Items from a data source:
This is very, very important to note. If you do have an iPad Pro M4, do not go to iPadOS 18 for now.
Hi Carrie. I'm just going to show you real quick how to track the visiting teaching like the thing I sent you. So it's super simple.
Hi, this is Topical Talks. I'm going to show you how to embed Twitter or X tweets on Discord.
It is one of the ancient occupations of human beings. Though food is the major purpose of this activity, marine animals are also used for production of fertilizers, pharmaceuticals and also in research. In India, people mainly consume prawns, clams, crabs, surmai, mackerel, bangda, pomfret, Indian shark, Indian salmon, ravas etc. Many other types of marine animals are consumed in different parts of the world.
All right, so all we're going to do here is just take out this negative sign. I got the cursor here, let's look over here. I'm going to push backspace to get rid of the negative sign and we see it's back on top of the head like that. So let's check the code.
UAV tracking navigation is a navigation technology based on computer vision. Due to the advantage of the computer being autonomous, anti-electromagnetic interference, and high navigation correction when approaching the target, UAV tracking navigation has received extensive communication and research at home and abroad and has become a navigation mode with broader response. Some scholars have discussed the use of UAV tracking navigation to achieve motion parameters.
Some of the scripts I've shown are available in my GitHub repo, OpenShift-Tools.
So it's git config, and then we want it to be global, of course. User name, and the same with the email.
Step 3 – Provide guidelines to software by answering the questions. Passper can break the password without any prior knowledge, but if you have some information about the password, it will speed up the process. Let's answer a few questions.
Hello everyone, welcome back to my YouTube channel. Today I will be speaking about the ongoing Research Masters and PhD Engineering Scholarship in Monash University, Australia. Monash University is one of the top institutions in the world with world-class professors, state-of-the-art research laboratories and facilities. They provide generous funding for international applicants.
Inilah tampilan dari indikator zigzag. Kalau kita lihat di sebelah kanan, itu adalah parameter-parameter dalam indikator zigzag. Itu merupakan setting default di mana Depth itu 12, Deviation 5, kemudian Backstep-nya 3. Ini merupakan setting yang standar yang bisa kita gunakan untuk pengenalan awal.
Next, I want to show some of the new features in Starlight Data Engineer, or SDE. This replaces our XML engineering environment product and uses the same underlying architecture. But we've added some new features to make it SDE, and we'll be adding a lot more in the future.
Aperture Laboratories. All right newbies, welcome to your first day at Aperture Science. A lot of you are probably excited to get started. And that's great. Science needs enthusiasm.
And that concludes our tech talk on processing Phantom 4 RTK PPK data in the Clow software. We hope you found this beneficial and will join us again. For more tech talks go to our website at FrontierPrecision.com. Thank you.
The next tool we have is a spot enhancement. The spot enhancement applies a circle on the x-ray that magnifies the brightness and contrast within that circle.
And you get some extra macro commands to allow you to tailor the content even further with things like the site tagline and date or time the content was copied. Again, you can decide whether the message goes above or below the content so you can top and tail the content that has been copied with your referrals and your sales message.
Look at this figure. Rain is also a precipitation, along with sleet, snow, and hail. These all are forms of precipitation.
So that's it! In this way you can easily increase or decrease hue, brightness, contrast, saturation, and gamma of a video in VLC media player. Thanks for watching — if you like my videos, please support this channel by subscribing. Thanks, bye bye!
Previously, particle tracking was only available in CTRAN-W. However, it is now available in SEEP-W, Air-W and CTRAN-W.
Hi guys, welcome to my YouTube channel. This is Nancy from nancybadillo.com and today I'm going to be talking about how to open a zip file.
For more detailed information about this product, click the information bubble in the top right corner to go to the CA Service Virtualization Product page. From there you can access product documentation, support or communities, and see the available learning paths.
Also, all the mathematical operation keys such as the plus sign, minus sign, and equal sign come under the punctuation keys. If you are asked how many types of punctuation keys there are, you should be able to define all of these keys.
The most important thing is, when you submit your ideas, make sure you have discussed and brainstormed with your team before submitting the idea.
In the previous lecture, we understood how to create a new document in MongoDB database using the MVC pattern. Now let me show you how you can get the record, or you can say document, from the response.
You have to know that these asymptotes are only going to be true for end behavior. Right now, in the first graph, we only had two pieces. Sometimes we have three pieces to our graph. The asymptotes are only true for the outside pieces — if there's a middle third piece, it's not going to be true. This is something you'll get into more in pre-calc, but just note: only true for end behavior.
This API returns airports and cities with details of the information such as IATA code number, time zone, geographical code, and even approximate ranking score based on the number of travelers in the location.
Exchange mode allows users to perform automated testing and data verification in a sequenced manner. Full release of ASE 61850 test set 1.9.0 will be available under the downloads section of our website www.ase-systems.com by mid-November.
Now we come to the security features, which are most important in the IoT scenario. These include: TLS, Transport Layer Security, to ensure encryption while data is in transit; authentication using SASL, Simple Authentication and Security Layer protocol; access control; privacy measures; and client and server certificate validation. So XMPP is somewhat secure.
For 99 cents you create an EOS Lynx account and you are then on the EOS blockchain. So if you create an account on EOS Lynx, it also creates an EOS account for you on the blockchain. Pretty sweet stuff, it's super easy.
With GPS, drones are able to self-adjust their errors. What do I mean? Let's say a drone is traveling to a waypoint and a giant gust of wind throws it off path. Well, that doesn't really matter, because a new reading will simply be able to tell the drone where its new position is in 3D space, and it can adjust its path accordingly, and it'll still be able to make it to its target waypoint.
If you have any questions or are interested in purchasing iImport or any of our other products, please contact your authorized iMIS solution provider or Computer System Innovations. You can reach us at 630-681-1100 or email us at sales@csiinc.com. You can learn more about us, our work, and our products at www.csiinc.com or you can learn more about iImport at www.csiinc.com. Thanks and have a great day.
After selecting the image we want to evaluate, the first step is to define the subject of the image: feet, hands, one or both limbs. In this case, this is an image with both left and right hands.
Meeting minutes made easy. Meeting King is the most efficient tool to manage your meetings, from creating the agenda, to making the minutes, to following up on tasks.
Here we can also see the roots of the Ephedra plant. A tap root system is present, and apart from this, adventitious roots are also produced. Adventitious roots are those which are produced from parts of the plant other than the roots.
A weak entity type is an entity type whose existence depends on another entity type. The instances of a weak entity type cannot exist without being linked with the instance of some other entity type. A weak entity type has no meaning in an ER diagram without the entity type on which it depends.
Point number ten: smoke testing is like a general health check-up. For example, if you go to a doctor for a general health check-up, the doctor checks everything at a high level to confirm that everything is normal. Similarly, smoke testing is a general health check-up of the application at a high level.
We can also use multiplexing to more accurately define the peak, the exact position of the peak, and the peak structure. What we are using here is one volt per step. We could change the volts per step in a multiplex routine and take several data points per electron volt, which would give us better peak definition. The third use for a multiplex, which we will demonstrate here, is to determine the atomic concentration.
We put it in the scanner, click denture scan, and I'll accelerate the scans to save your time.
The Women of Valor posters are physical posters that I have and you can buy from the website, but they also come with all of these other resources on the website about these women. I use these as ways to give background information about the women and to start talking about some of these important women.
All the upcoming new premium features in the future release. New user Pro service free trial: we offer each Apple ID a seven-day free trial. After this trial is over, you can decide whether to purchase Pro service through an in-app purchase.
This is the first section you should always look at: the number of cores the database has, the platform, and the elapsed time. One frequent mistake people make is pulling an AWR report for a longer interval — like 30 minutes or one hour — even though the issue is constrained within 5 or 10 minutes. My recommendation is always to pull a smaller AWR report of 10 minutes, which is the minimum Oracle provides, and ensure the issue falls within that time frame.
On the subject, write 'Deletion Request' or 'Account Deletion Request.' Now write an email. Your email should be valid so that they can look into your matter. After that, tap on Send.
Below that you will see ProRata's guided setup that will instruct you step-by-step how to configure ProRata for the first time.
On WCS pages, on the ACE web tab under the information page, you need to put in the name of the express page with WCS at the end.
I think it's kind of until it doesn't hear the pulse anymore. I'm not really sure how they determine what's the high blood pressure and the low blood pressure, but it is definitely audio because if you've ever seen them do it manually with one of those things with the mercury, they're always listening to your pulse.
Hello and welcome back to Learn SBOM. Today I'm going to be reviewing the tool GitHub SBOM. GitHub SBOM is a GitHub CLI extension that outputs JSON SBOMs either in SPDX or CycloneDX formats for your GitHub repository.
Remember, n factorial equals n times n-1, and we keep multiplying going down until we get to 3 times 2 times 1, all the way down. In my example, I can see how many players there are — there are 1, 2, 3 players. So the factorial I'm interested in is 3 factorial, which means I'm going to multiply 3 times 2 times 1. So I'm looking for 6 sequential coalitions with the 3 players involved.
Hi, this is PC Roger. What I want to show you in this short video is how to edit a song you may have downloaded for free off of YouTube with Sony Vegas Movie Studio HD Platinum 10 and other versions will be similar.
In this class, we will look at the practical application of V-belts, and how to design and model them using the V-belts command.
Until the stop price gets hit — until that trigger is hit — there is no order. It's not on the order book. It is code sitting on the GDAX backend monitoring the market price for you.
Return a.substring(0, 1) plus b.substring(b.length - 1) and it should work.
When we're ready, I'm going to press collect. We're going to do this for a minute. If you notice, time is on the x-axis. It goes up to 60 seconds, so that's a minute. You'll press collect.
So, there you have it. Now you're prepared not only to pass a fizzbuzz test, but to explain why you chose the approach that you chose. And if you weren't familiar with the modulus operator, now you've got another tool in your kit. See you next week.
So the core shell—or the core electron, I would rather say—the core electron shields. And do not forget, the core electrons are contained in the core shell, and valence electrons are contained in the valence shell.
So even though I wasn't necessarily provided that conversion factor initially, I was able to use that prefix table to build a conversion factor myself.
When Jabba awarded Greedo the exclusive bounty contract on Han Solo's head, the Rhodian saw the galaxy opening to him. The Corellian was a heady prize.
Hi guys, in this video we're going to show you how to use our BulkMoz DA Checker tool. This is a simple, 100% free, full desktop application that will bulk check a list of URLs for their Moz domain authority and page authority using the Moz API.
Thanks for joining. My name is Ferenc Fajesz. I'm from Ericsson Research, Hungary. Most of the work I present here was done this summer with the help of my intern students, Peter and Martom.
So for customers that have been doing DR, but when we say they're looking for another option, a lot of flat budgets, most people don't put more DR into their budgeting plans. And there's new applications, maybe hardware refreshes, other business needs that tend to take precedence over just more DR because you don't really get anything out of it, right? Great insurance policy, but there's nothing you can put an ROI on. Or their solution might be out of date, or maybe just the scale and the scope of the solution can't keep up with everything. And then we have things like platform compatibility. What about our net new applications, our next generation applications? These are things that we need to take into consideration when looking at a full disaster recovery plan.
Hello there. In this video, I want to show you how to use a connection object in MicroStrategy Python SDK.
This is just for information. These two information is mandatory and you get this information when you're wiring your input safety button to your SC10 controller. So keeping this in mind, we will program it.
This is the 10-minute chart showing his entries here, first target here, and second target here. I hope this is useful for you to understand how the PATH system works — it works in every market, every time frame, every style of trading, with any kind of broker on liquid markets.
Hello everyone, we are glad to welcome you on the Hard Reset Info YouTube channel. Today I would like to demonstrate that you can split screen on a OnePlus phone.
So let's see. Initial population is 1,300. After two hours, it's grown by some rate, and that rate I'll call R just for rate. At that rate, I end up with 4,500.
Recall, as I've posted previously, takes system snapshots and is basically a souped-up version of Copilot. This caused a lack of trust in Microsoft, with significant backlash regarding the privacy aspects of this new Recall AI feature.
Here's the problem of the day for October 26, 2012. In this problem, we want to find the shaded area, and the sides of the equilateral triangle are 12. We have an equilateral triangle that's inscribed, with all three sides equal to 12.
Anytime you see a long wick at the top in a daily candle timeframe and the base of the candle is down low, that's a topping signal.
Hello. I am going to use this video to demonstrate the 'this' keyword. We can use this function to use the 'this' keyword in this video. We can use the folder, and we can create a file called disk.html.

WHAT THE TASK REQUIRES >>
Reproduce only the lines above spanning from the line containing "So even though" through the line containing "Thanks for joining.", word for word.

RESULT FOR THIS EXERCISE >>
So even though I wasn't necessarily provided that conversion factor initially, I was able to use that prefix table to build a conversion factor myself.
When Jabba awarded Greedo the exclusive bounty contract on Han Solo's head, the Rhodian saw the galaxy opening to him. The Corellian was a heady prize.
Hi guys, in this video we're going to show you how to use our BulkMoz DA Checker tool. This is a simple, 100% free, full desktop application that will bulk check a list of URLs for their Moz domain authority and page authority using the Moz API.
Thanks for joining. My name is Ferenc Fajesz. I'm from Ericsson Research, Hungary. Most of the work I present here was done this summer with the help of my intern students, Peter and Martom.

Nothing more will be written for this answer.